§ **What you are asked to do**
Your copy should match the records exactly, except that no pictures appear in it.

##############################

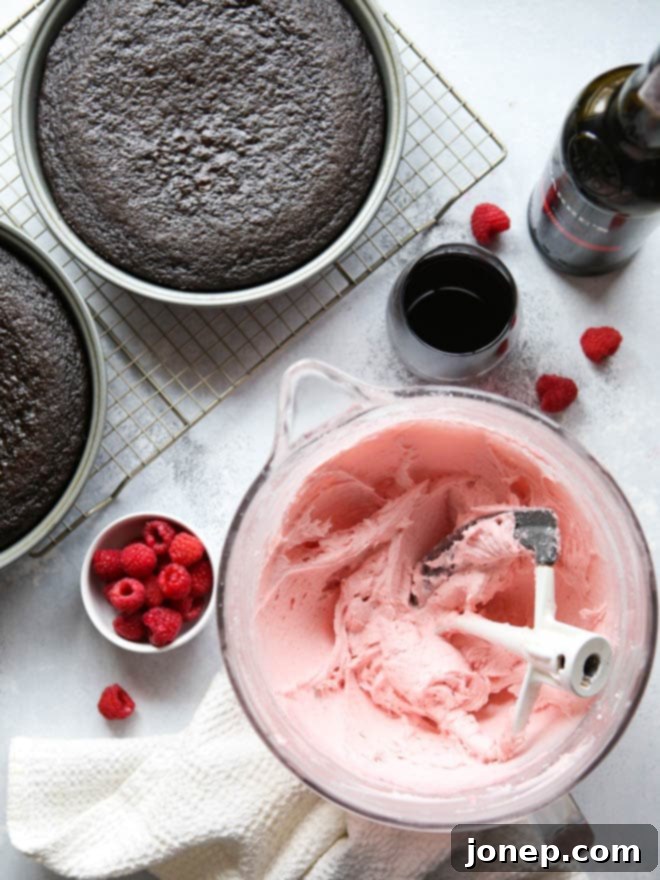 Close-up of the delicate, handcrafted swirls of Raspberry Buttercream on top of the Red Wine Chocolate Cake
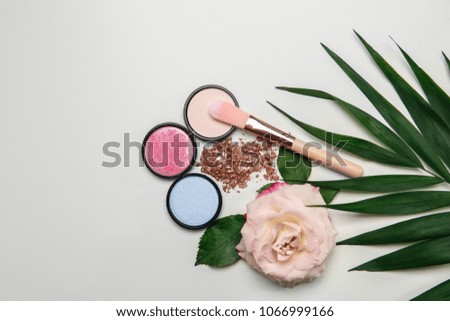 Flat lay composition with makeup brush, cosmetic products  and rose on white background
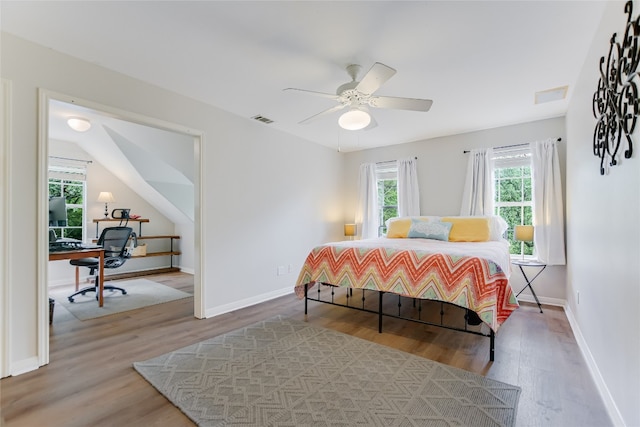 108 Tumbleweed Trl, Austin, TX 78733 - bedroom featuring wood finished floors, an office area, baseboards, and ceiling fan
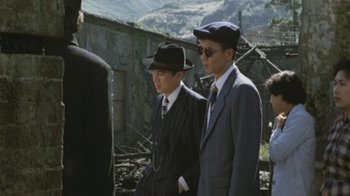 Movie still from “A City of Sadness” (1989), directed by Hsiao-Hsien Hou – A group of men standing next to each other in suits; Medium shot, Over the shoulder angle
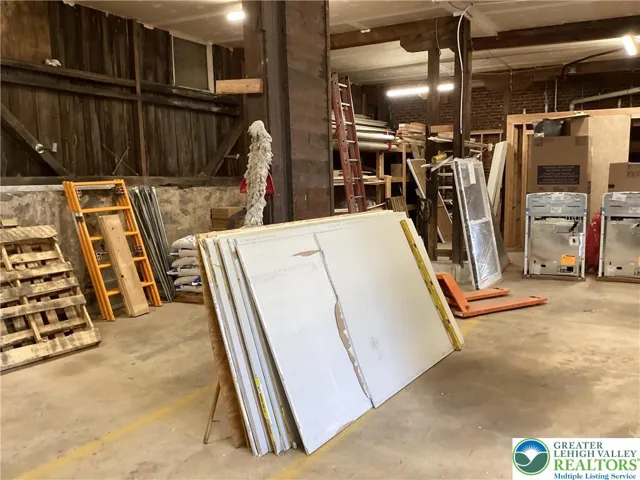Storage / shop, towards rear (left).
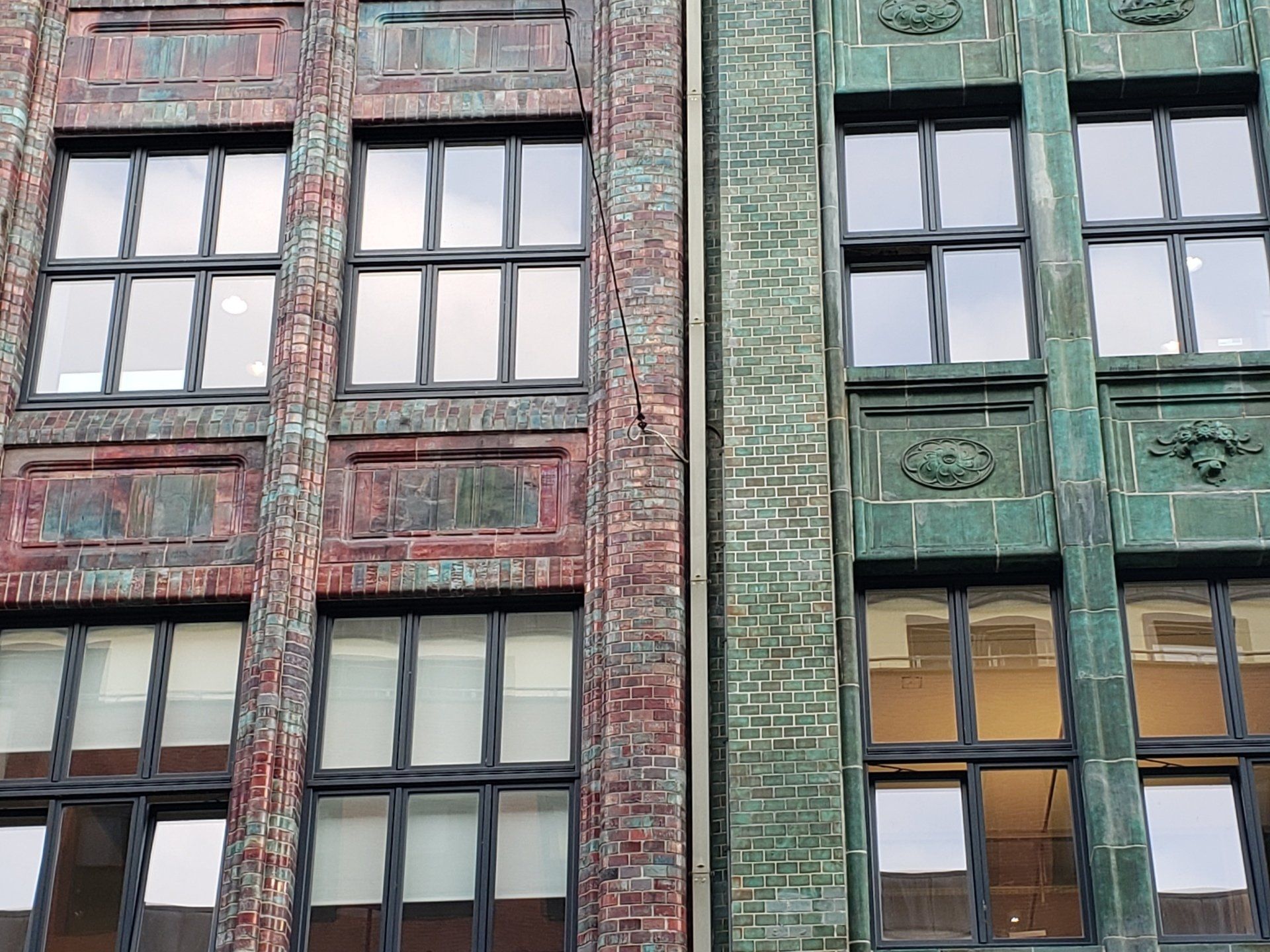 A brick and green building with lots of windows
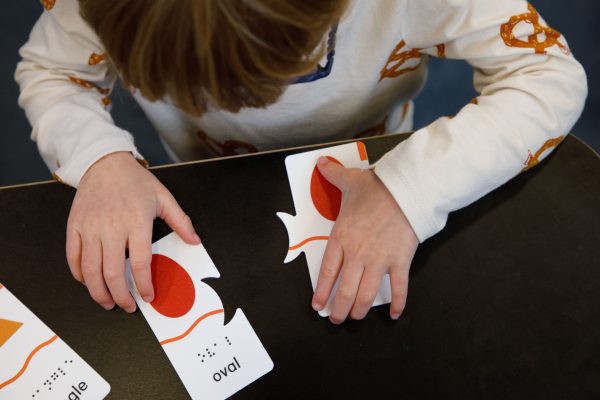 A preschool aged boy in a white shirt with pretzel graphics on it plays with two oval Memory Puzzle pieces.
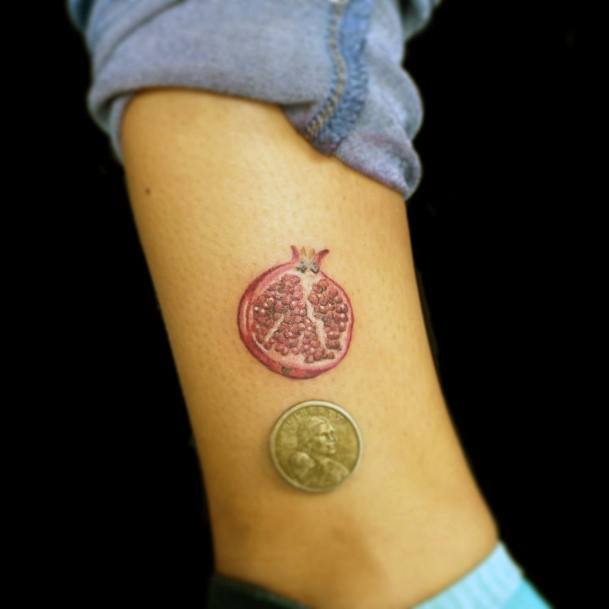 Stunning Pomegranate Tattoo On Lady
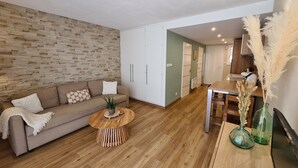 A modern living room with a wooden floor, a brown sofa, a round coffee table, and a kitchen area visible through an open door. - Appartement au Calme Dans Residence Avec Piscine, Entouré de Foret (Bœrsch)
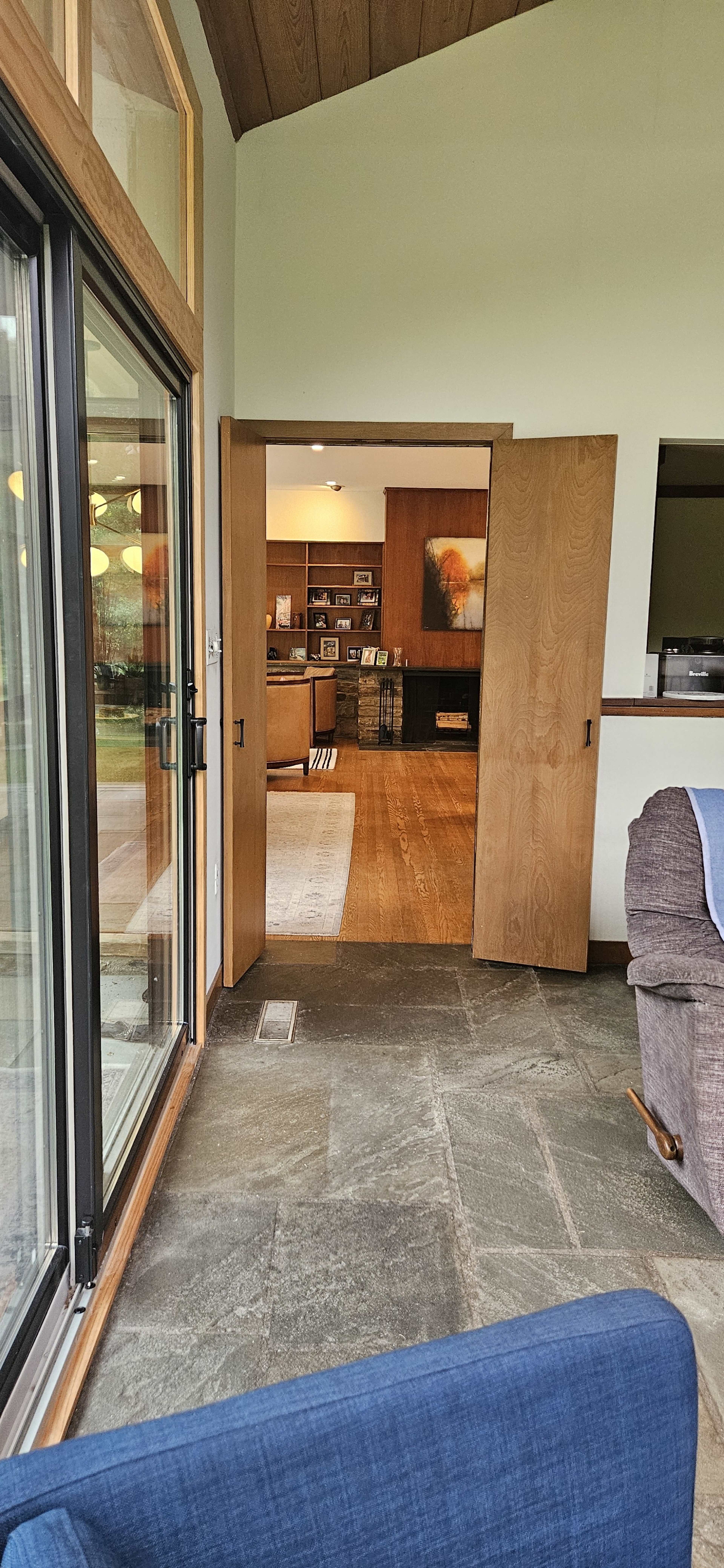 The image shows an interior view of a home, featuring an open doorway leading to a room with a wooden floor and a large window that opens to the outdoors.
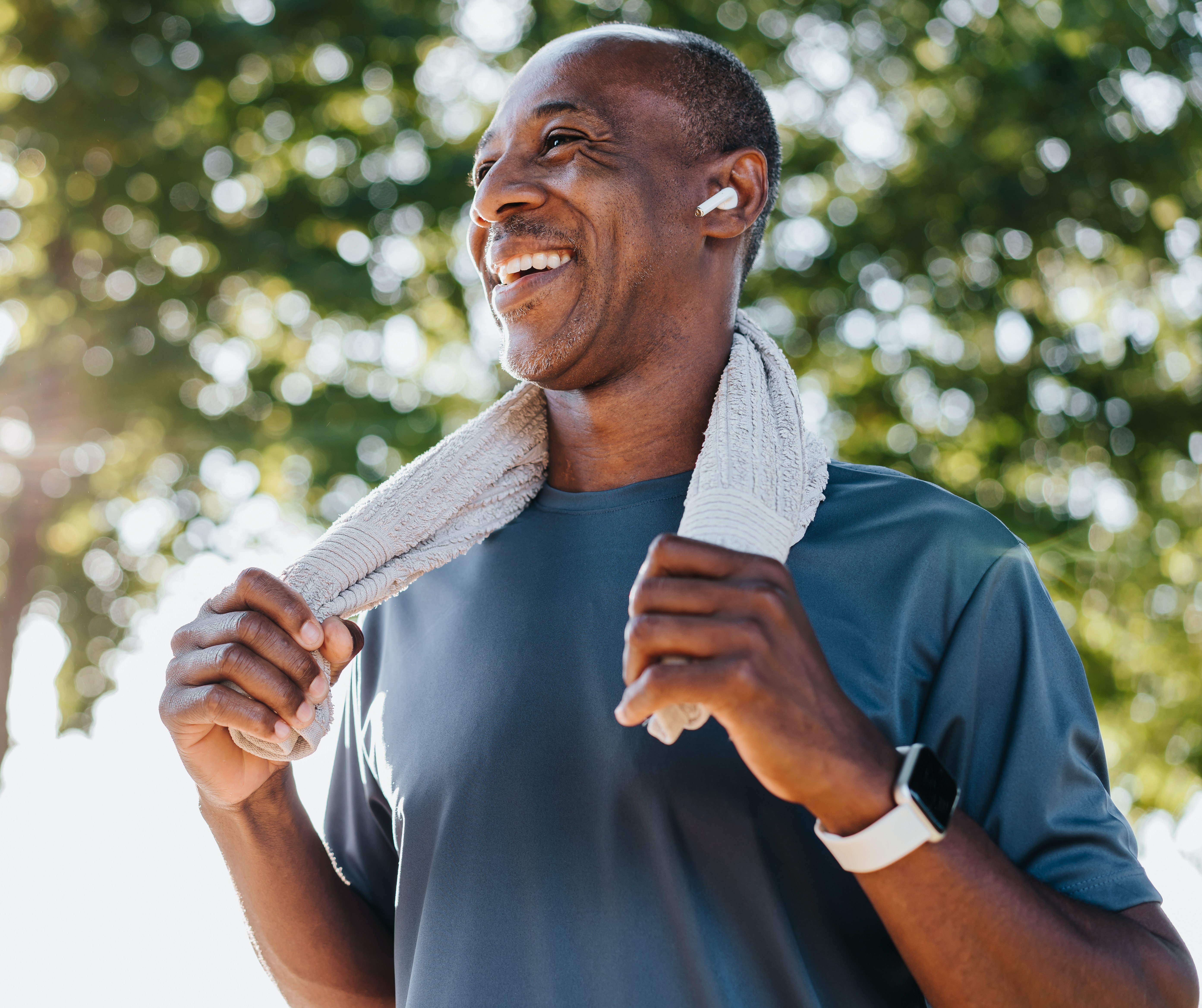 Male outside smiling with towel around his neck after workout 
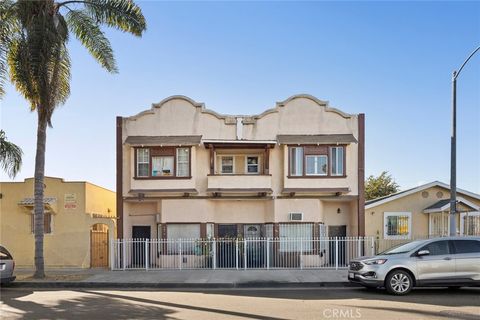Photo of 3877 Denker Avenue, Los Angeles, CA 90062 (MLS # SR25169386)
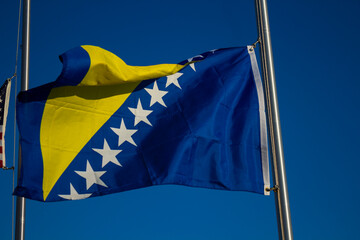 A Bosnian flag on a pole waves in the wind on a sunny day.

##############################

§ **Answer**
 Close-up of the delicate, handcrafted swirls of Raspberry Buttercream on top of the Red Wine Chocolate Cake
 Flat lay composition with makeup brush, cosmetic products  and rose on white background
 108 Tumbleweed Trl, Austin, TX 78733 - bedroom featuring wood finished floors, an office area, baseboards, and ceiling fan
 Movie still from “A City of Sadness” (1989), directed by Hsiao-Hsien Hou – A group of men standing next to each other in suits; Medium shot, Over the shoulder angle
Storage / shop, towards rear (left).
 A brick and green building with lots of windows
 A preschool aged boy in a white shirt with pretzel graphics on it plays with two oval Memory Puzzle pieces.
 Stunning Pomegranate Tattoo On Lady
 A modern living room with a wooden floor, a brown sofa, a round coffee table, and a kitchen area visible through an open door. - Appartement au Calme Dans Residence Avec Piscine, Entouré de Foret (Bœrsch)
 The image shows an interior view of a home, featuring an open doorway leading to a room with a wooden floor and a large window that opens to the outdoors.
 Male outside smiling with towel around his neck after workout 
Photo of 3877 Denker Avenue, Los Angeles, CA 90062 (MLS # SR25169386)
 A Bosnian flag on a pole waves in the wind on a sunny day.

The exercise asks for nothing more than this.